„Ganz sicher“, antwortet Andreas Stein auf die Frage, ob es die Raiffeisenbank Tüngental eG auch noch in zehn Jahren als eigenständiges Institut geben werde. „Diese Frage höre ich seit 20 Jahren immer wieder“, schmunzelt der für die Aktivseite der kleinen Genossenschaftsbank zuständige Vorstand. Der 59-Jährige sitzt in seinem bescheidenen Büro im beschaulichen Schwäbisch Haller Stadtteil Tüngental und sagt im Geno-Graph-Redaktionsgespräch: „Schauen Sie sich um: alles weiß. Wir als Vier-Mitarbeiter-Bank sind quasi eine Landarztpraxis. Wir verarzten alle, wir finden immer eine Lösung für den jeweiligen Bedarf.“ Mit „alle“ meint Andreas Stein, der 1982 mit damals gerade 24 Jahren Deutschlands jüngster Bank-Chef war, die 731 Mitglieder und rund 1.400 Kunden der 28-Millionen-Euro-Bank. „Natürlich sind wir auch Online-Bank. Was uns aber ausmacht ist, dass wir über Kredite in längstens 20 Minuten entscheiden. Wir sind schnell und flexibel. Das verstehen wir unter Kundennähe.“ Seine Bank vertreibe keine Produkte, sondern biete Bedarfslösungen an.
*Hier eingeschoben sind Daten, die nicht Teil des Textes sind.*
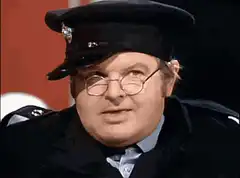Officer Dick Van Dyke smirking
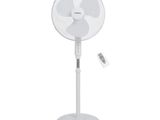 an image of a white fan with a remote control sitting on a stand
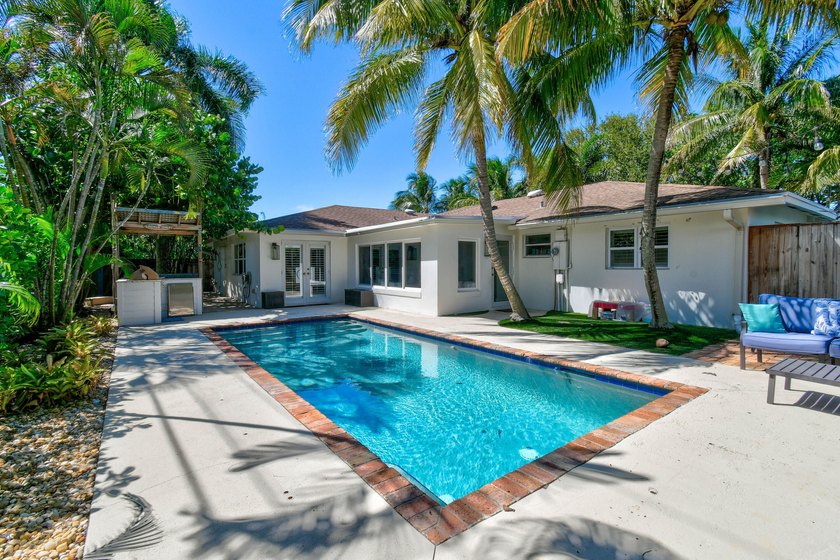 Located in one of the more desirable areas in all of North Palm - photo 2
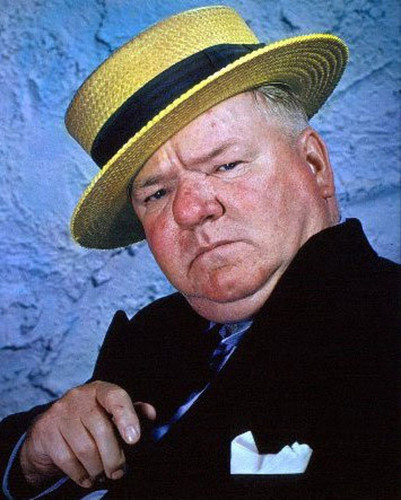 Photo of American actor W.C. Fields, wearing a straw hat.
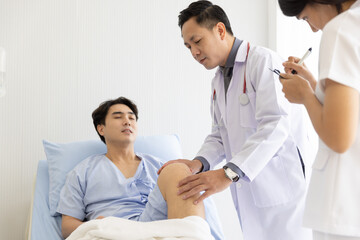 Obraz premium Professional orthopaedist male doctor and nurse visiting checking examine knee condition male patient at hospital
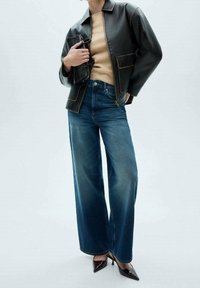 Schwarze lederne cropped Jacke mit braunen Nähten, beiger Pullover, weit geschnittene blaue Jeans und spitze schwarze Absätze. Clutch-Tasche wird vorne gehalten.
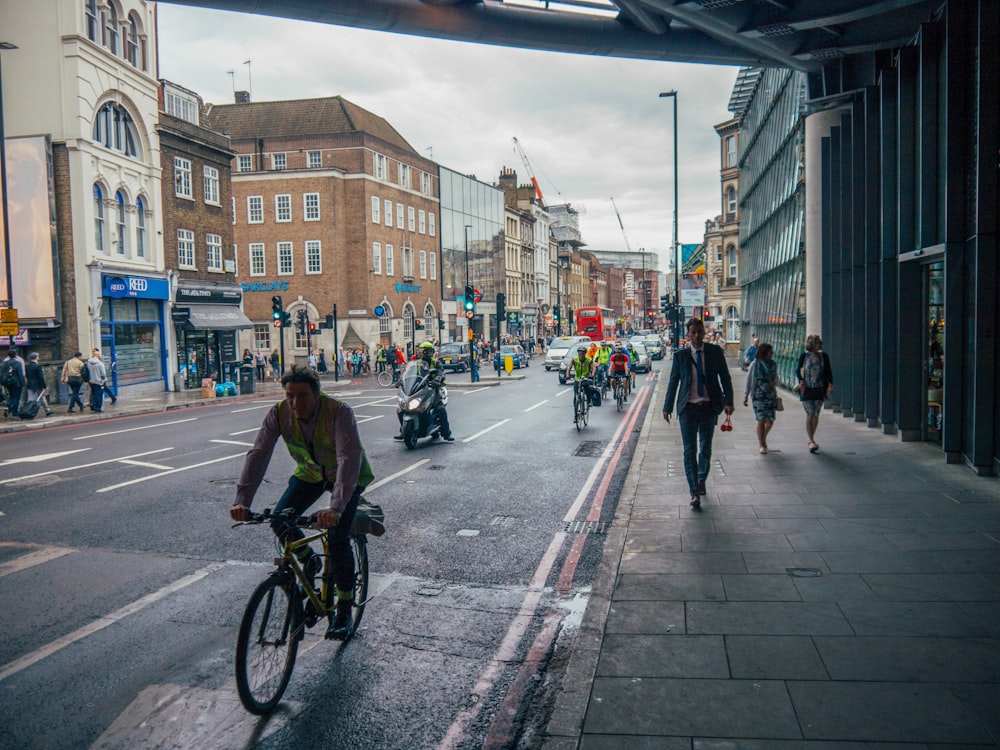 man in black shirt riding bicycle on road during daytime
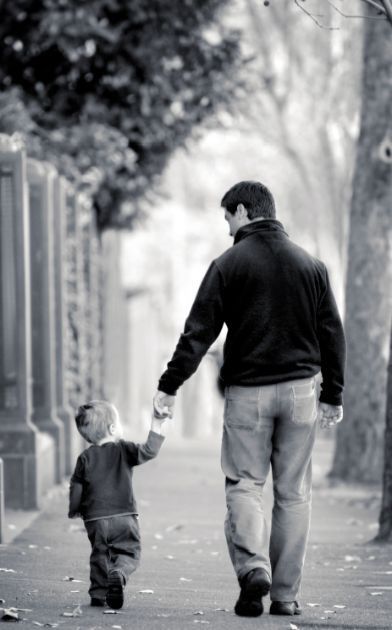 a man holding the hand of a little boy walking down a sidewalk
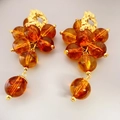 Elegante tros oorbellen met amberkleurige kralen en vergulde details in vintage stijl - Granaatrood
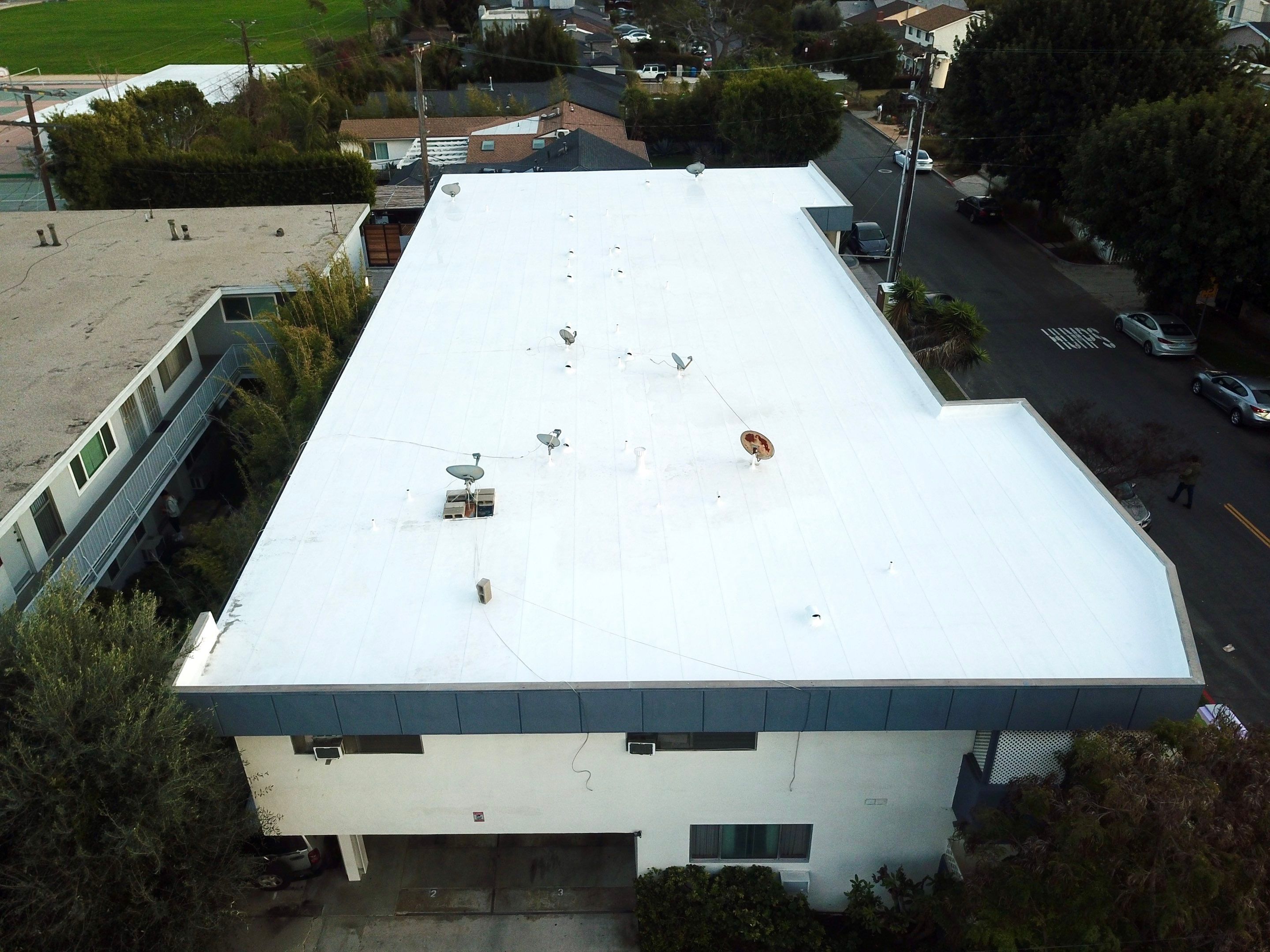 Apartment Building - Silicone Installation using ASC's Silicone Membrane by Hull Brothers Roofing
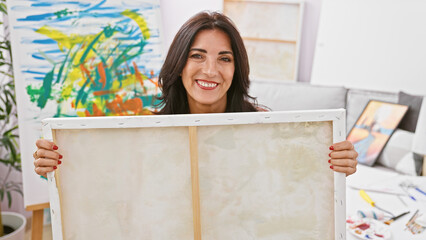 Portrait of a smiling brunette woman holding a blank canvas in an art studio filled with paintings...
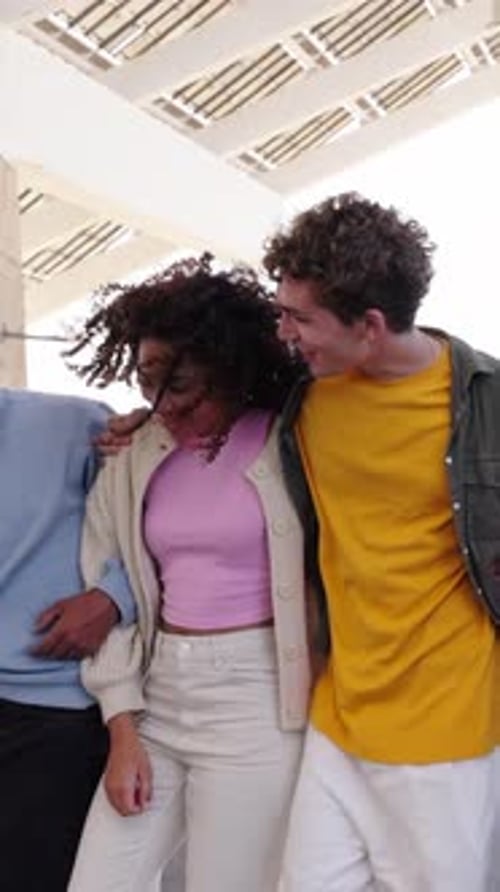 A Group of Young Multiethnic Friends Embracing Sharing a Fun Leisure Time While Walking the Street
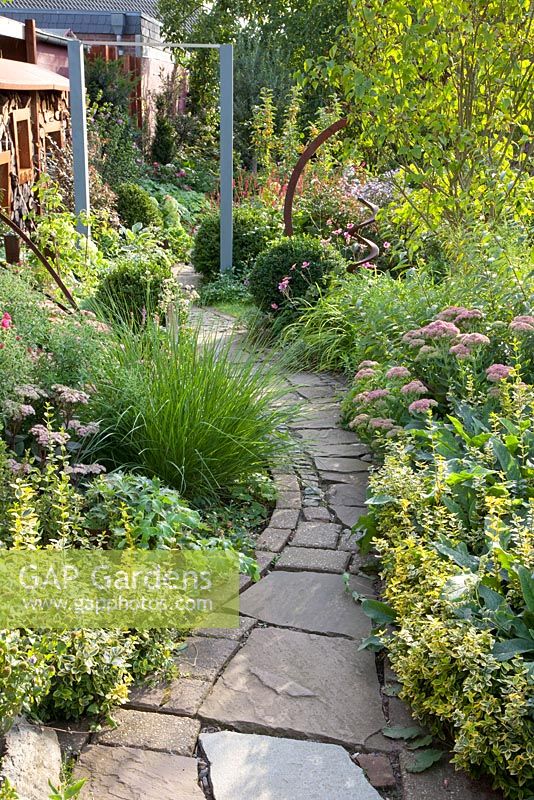 Path running through small garden - Marx Garden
Bankberatung im Rathaus des Nachbarorts
Seit Oktober 2016 auch im benachbarten Wolpertshausen. „Der dortige Bürgermeister kam zu mir mit dem Problem, dass es in seiner Gemeinde keine Bankfiliale mehr gab.“
Andreas Stein, mit 35 Vorstandsjahren einer der „ältesten“ Vorstände, fährt seitdem einmal pro Woche für einige Stunden ins Wolpertshausener Rathaus. Dort berät er Kunden in Geldangelegenheiten. Mit gutem Erfolg „Wir haben rund 100 Neukunden gewonnen. Das ist für eine so kleine Bank, wie wir es sind, enorm“, zeigt sich Stein zufrieden. „Ich kann bereits heute sagen: Wir verdoppeln 2017 unseren Gewinn gegenüber 2016.“ Um Regulierung und Meldewesen kümmere sich erfolgreich sein fürs Passivgeschäft zuständige Vorstandskollege Wolfgang Greulich.
Mit dem Schritt, ihre Geschäftstätigkeit auszuweiten, brachte es die Raiffeisenbank Tüngental in die Schlagzeilen. Das Handelsblatt berichtete groß. Das führte unter anderem dazu, dass Andreas Stein im Juni in Münster zu einer vom Institut für Genossenschaftswesen der Universität Münster veranstalteten Podiumsdiskussion eingeladen wurde. Seine dort vorgebrachte Position: „Nähe, Vertrauen, Flexibilität und Schnelligkeit: Das sollte eine Genossenschaftsbank ausmachen. Diese Tugenden werden immer mehr nachgefragt.“ Er rät großen Volksbanken und Raiffeisenbanken dazu, innerhalb der Bank Dezentralität zu üben. Von der Zentrale vorgegebene Vertriebsziele seien der falsche Weg. Besser sei es, die Geschäftsstellen mit Entscheidungskompetenz auszustatten, meint Stein.